Il serait possible d’utiliser de la laine de mouton pour protéger les glaciers du rayonnement solaire. Une expérience menée par l’ONG Summit Foundation et l’Université de Lausanne à Glacier 3000 (VD) prouve que ce matériau pourrait remplacer avantageusement les bâches synthétiques.
Utilisés pour protéger les glaciers, les textiles à base de polyester ou de polypropylène s’usent sous l’effet du vent et des précipitations. Avec le temps, des particules peuvent se détacher et se retrouver potentiellement dans le cycle de l’eau et la chaîne alimentaire. Un risque qui ne pourrait pas se produire avec la laine, selon la Summit Foundation.

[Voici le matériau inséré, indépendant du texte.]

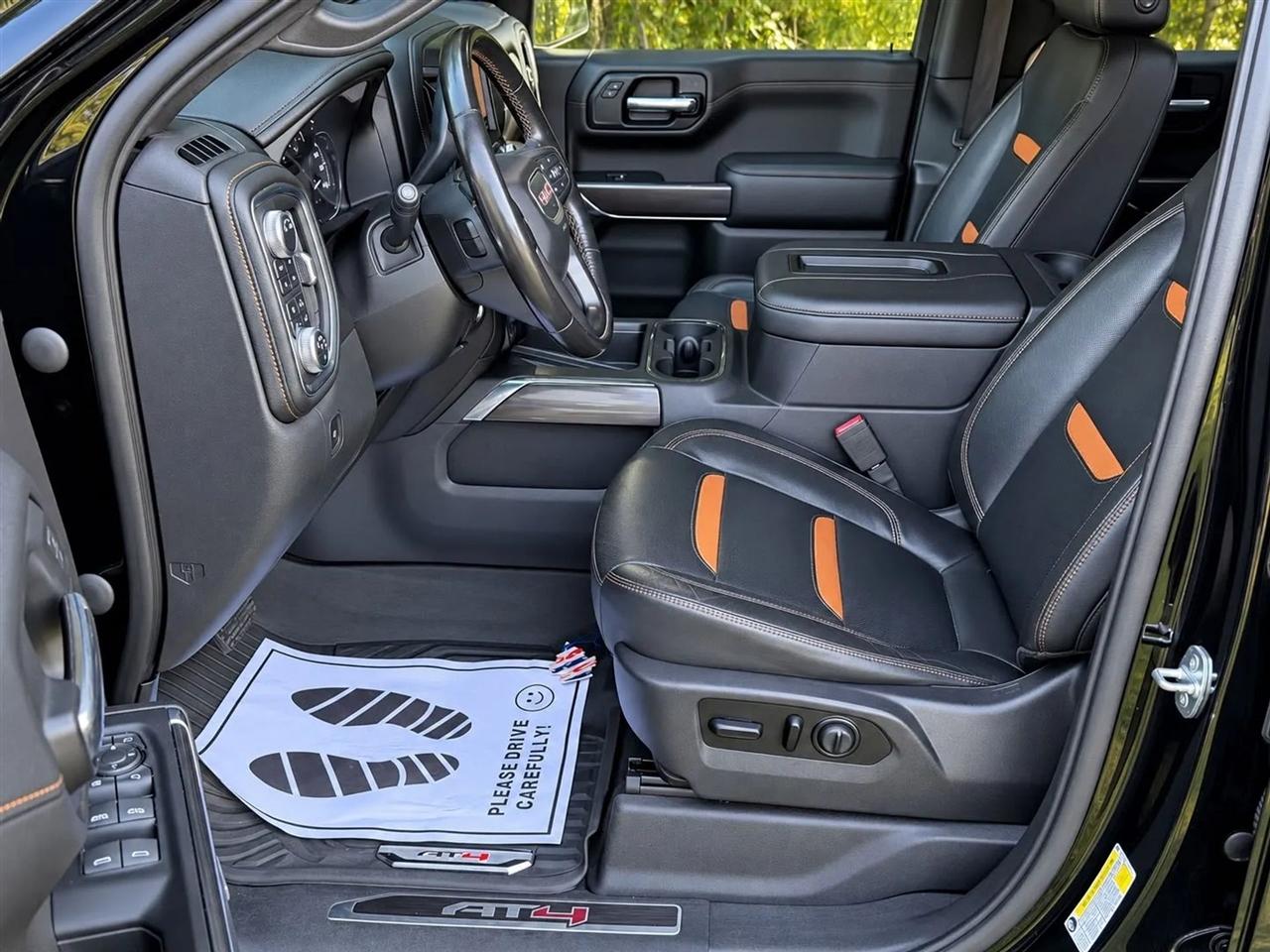 GMC Sierra 1500 AT4 Crew Cab Long Box 4WD 2020
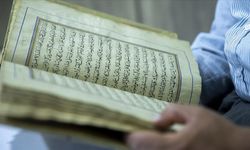 Osmanlı yadigarı 150 yıllık el yazması Kur’an-ı Kerim, Halepçe'de özenle korunuyor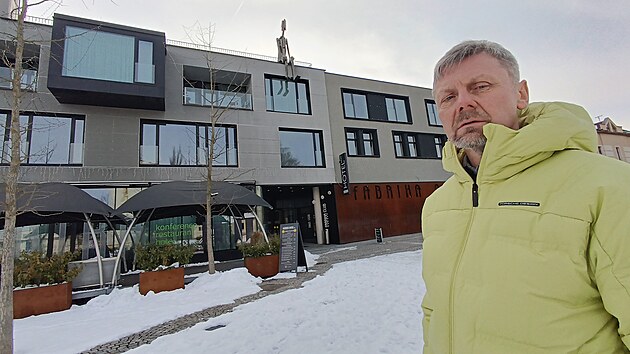 Za projektem, kter� vdechl �koln� ulici nov� �ivot, stoj� humpoleck� patriot Petr Hendrych.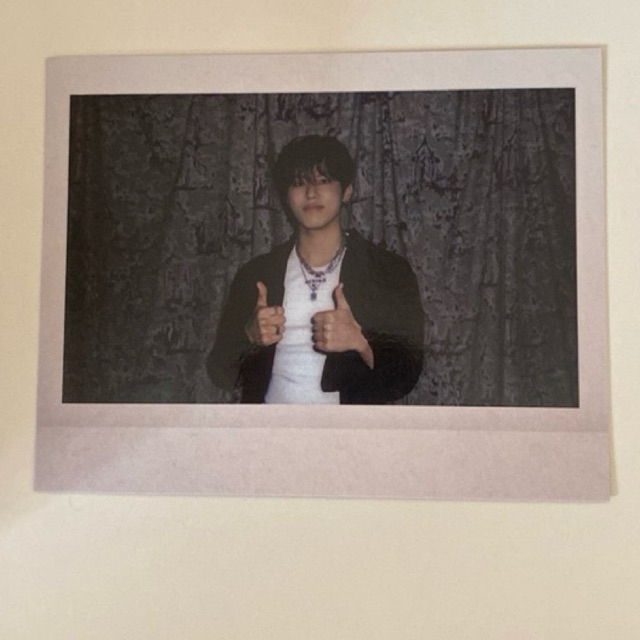 [OFFICIAL] poscard dan polaroid Treasure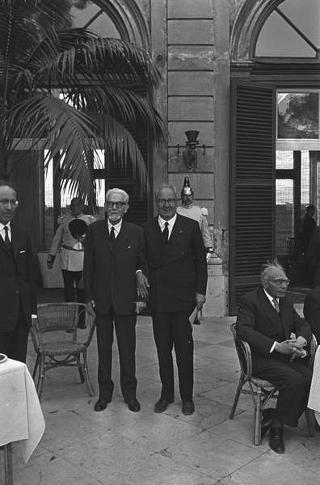 Ricevimento offerto dal Presidente della Repubblica Giuseppe Saragat nei giardini del Quirinale per il ventesimo anniversario della fondazione della Repubblica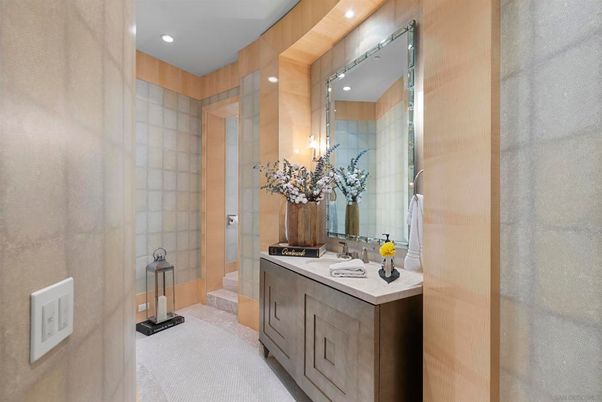 Bathroom, Interior, Recessed Lighting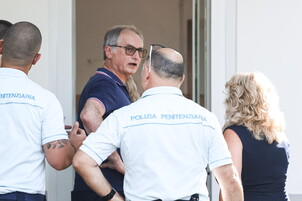 https://img-prod.tgcom24.mediaset.it/images/2026/07/26/064728702-d36070fa-54ad-445d-934c-a58fabc85798.jpg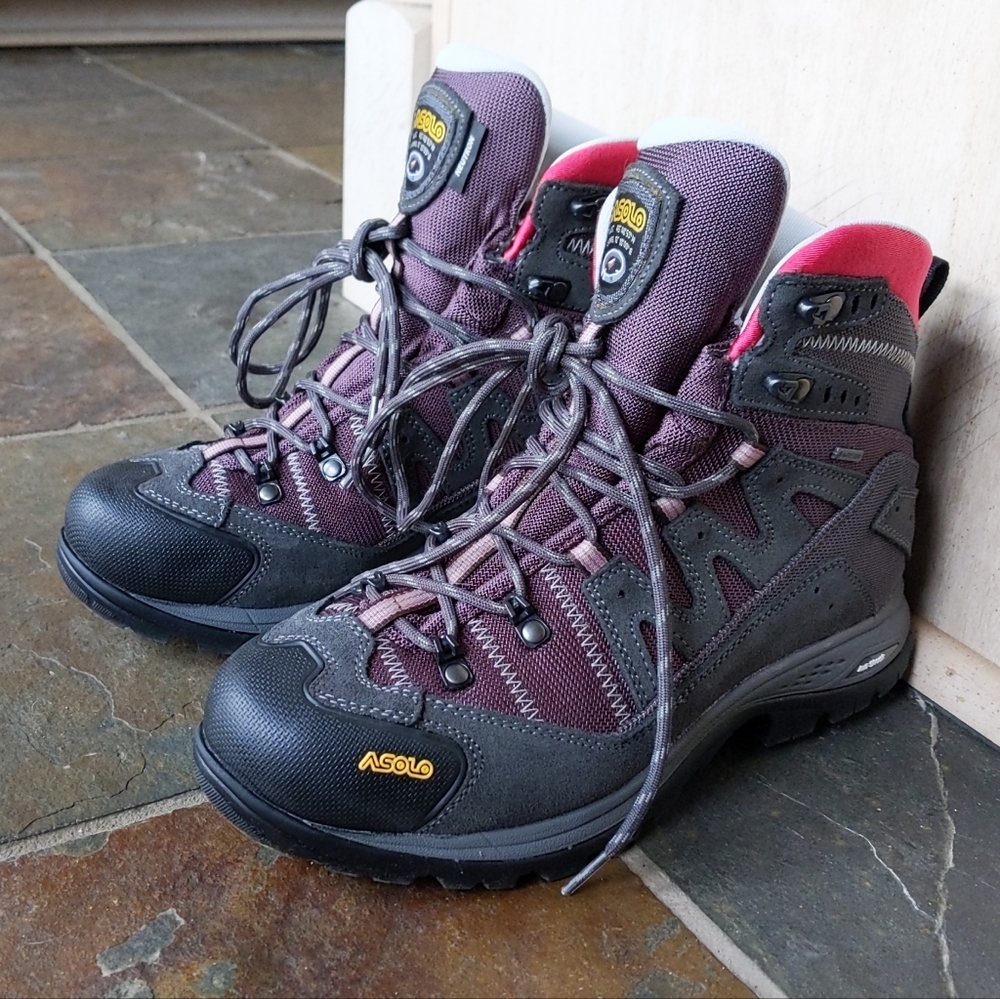 BRAND NEW ASOLO WOMEN NEUTRON WATERPROOF GORETEX HIKING BOOTS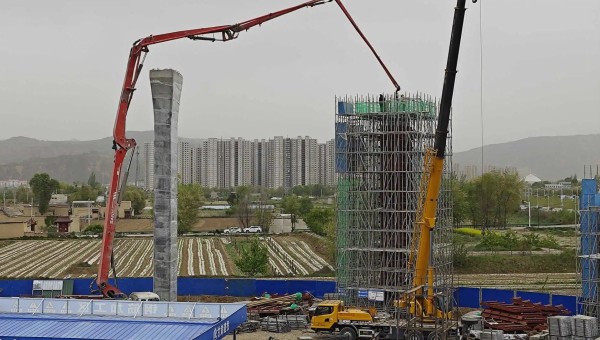 在西部市政建設(shè)集團(tuán)四公司臨夏市環(huán)城北路橋梁及附屬工程（二期）項(xiàng)目現(xiàn)場(chǎng)，鋼筋加工區(qū)火花飛揚(yáng)、安裝墩柱區(qū)一件件鋼筋骨架安全運(yùn)達(dá)、泵車(chē)將一方方混凝土輸送至墩柱澆筑......現(xiàn)場(chǎng)一片繁忙景象。自四月復(fù)工以來(lái)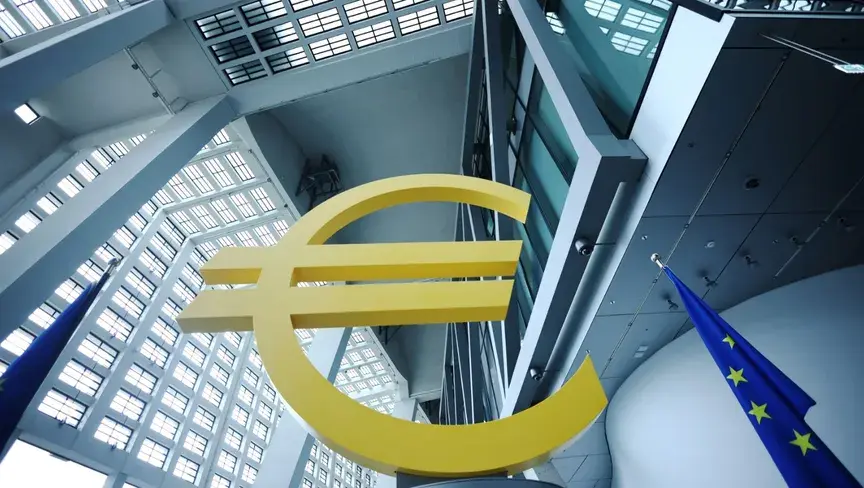 ارتفاع الدولار مع وضع الولايات المتحدة قواتها في حالة استعداد لضربة محتملة يدعم العملة الأميركية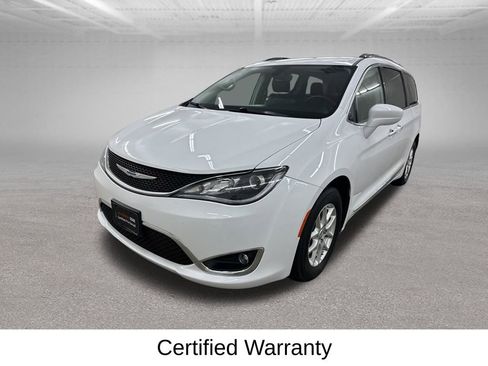 Used 2020 Chrysler Pacifica Touring-L FWD image 8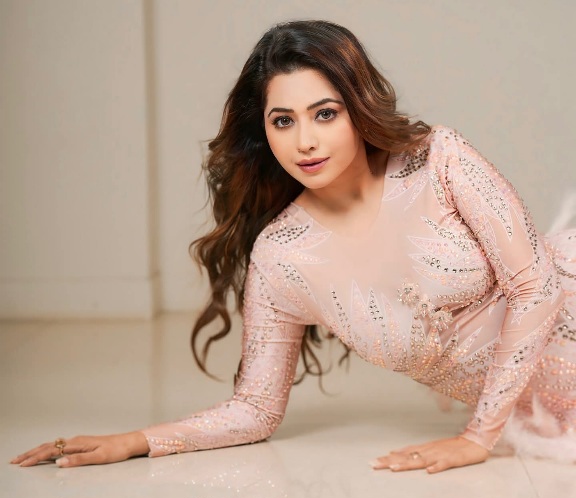 Ridheema Tiwari - Indian Leady Model - Indian Leady Indianactor - Indian Leady Photo - Bollywood Style Girl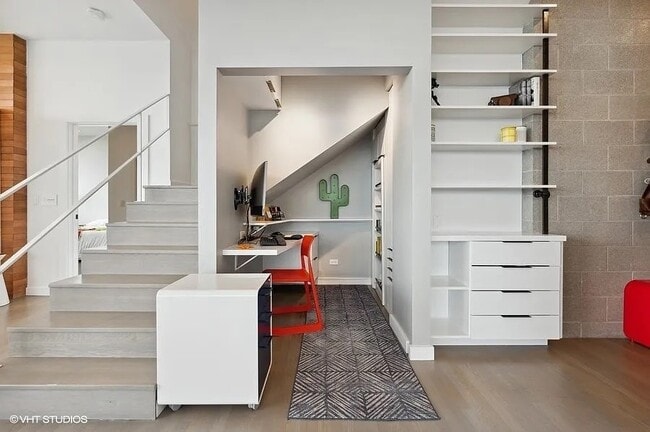 Photo - 2157 W Division St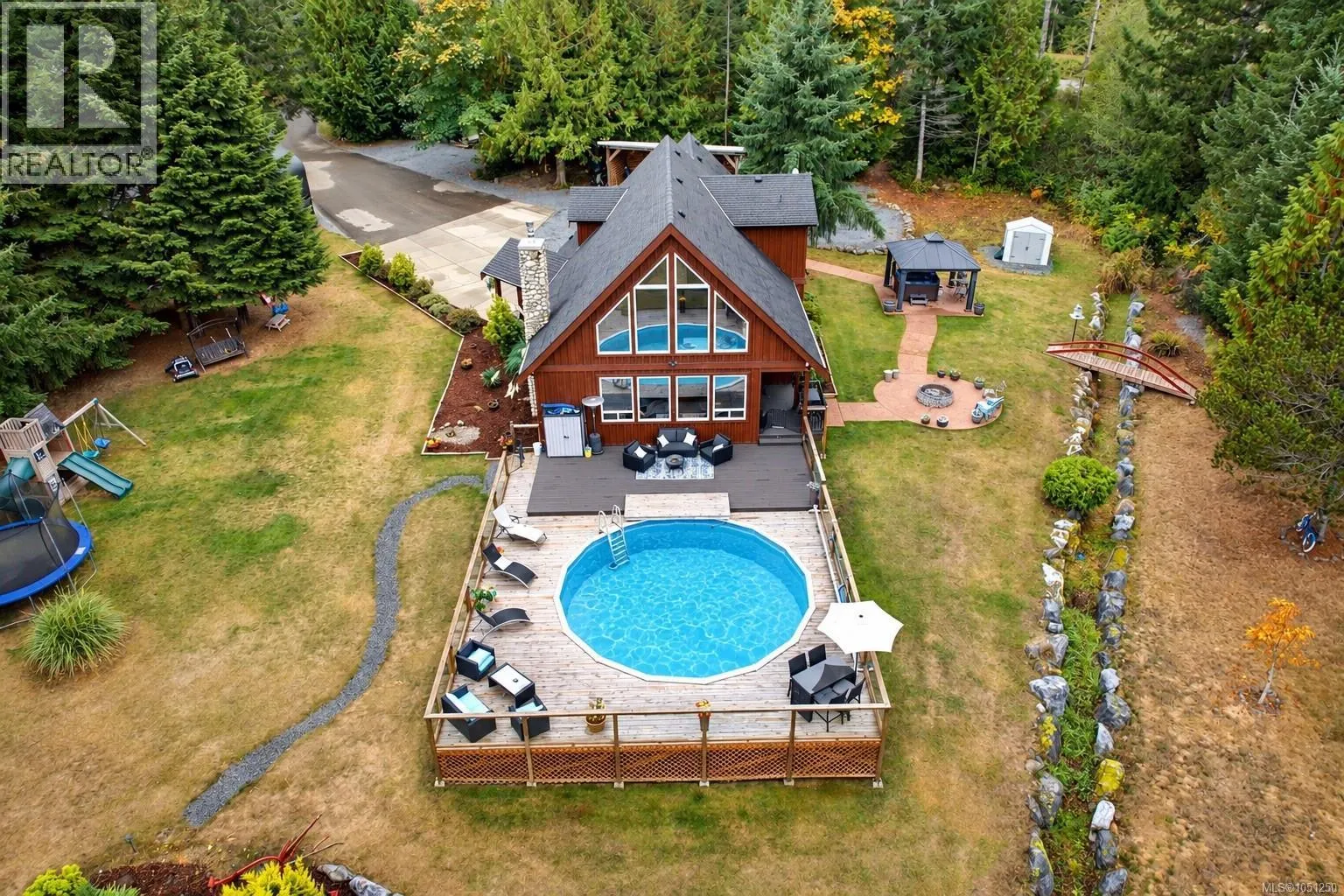 2815 Otter Point Rd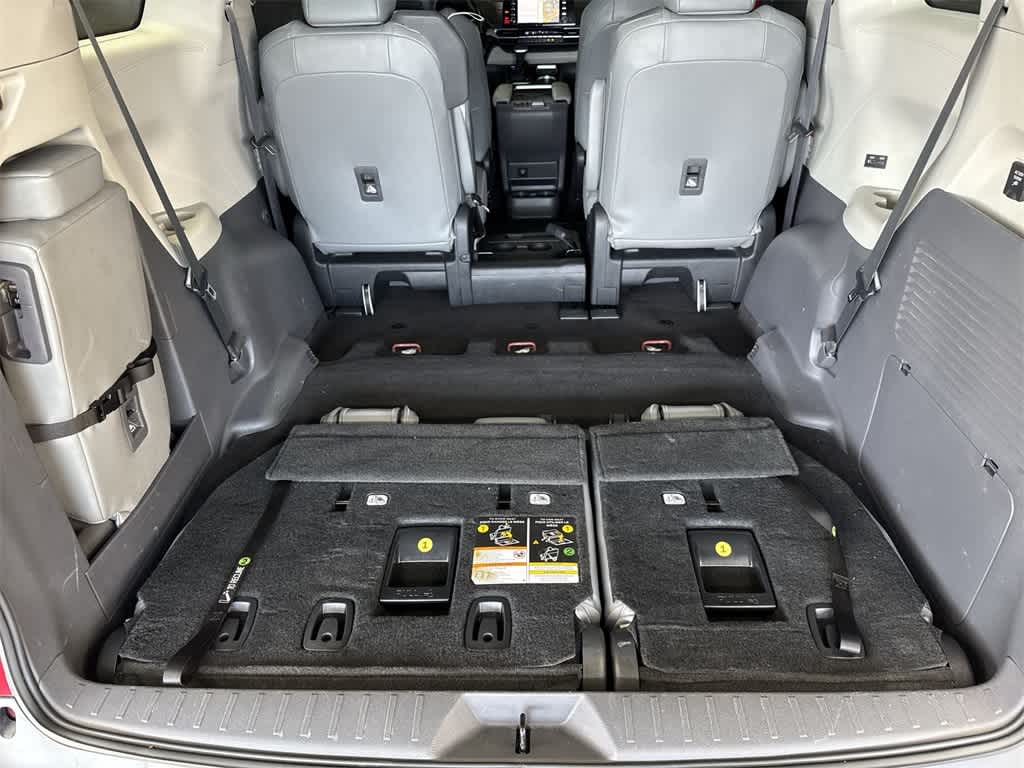 2022 Toyota Sienna XLE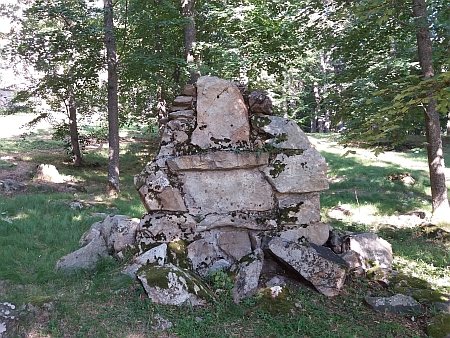 Někdejší památník Josefa II. v Horní Plané na staré pohlednici a dnes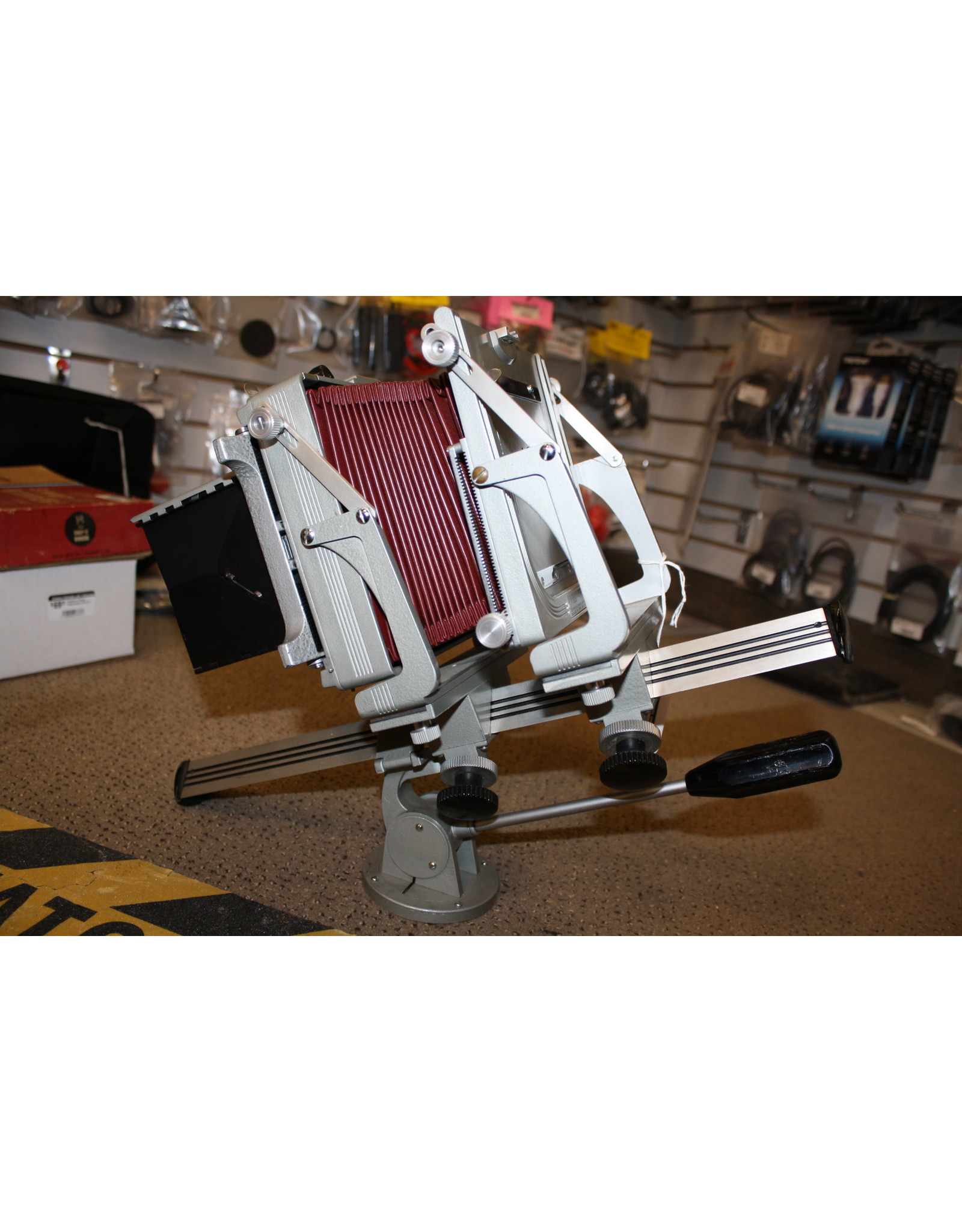 Graphic View II 4x5 Mon                                                                                                                                                                                                                orail Camera (Pre-owned)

La laine est naturelle, renouvelable, biodégradable et dotée de propriétés isolantes. Elle demeure par ailleurs une ressource locale largement sous-valorisée et finit la plupart du temps incinérée ou compostée. « Nous pouvons peut-être lui donner un nouvel usage », estime Laurent Thurnherr, directeur de Summit Foundation, dans le 12h30.
Présentation du projet ‘Keep It Wool’ visant à protéger le glacier de Tsanfleuron avec de la laine de mouton, le 2 septembre. [© KEYSTONE / JEAN-CHRISTOPHE BOTT – JEAN-CHRISTOPHE BOTT]
Pour explorer cette solution liée aux glaciers, l’ONG s’est associée au Centre interdisciplinaire de recherche sur la montagne de l’Université de Lausanne. Il a fallu trouver une source de laine locale, un partenaire capable de fabriquer les prototypes et dénicher un site où mener un essai.
Deux bâches de 100 m2
Le choix s’est porté sur Glacier 3000. L’expertise scientifique a été assurée par des collaborateurs de GLAMOS, le réseau de relevés glaciologiques suisse. Deux ‘couvertures’ de laine de mouton de 100 m2 chacune ont été posées fin juin sur le glacier. Au vu des premières observations, l’expérience s’avère prometteuse.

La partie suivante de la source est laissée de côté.